Somehow the older three are in mostly the same stage, developmentally. They like to stage elaborate battles with action figures. They like to build forts and hide from monsters. They like video games. And Helena ruins everything.

Poor thing. When playing with action figures, the kids complain that she "doesn't do it right." She is afraid of having the lights off during the monster game. She loves making video game characters jump, but that is the extent of her abilities. (She got that from me.) Once in a while the kids will play house with her, or the monster fort game will be played with lights on, but otherwise she's on her own.

Enter the cats. Finally, someone on par with Helena, developmentally speaking. She can spend hours running around in a circle with a ribbon. I'm not sure what this says for her future, but in the meantime it keeps her from whining to me about wanting to watch Dora. The cats chase her and her ribbon, then they all run out of energy and stare out the windows together.
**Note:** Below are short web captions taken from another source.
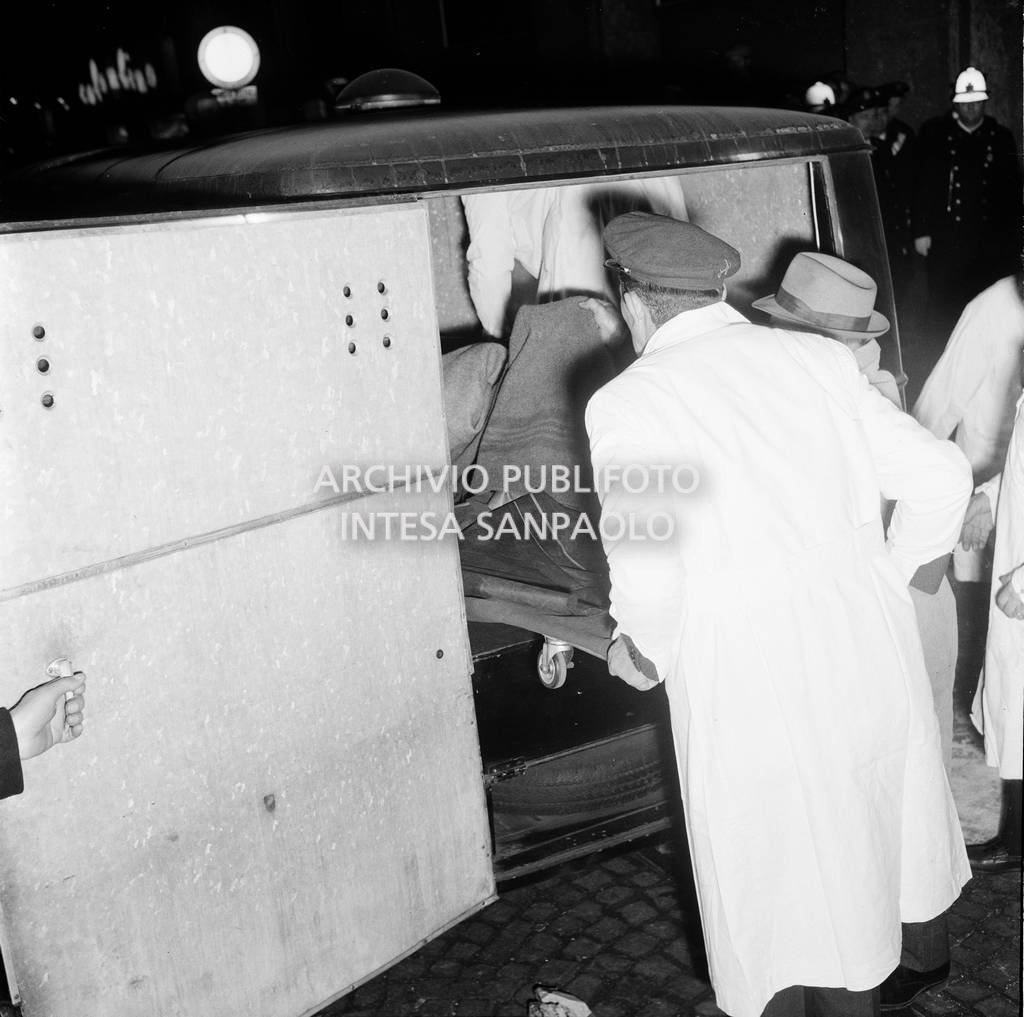 La salma di una vittima mentre viene caricata sul carro funebre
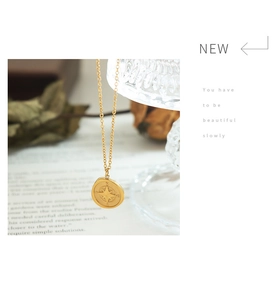 Detailed compass pendant necklace in 18K gold finish shown in a lifestyle setting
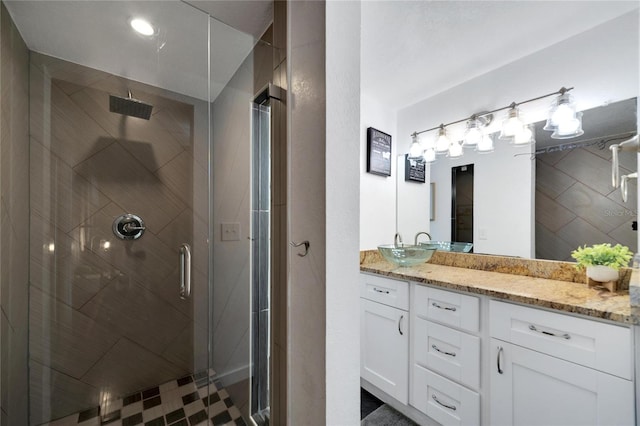 bathroom with vanity and a shower with door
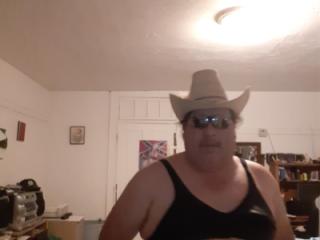 In sunglasses and bra and thong and cowboy hat 5 of 9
It is awesome.

Also, Helena has an irritating habit of chasing and grabbing my ankles when I walk. Much like the kittens. As I wrote that I realized it felt familiar and I found this from a year ago. NOTHING has changed.

3 comments:

  1. My oldest three children can play beautifully together, as can my youngest three. The 4+ year divide between the oldest three and youngest three, appears to be a gap that can't be bridged.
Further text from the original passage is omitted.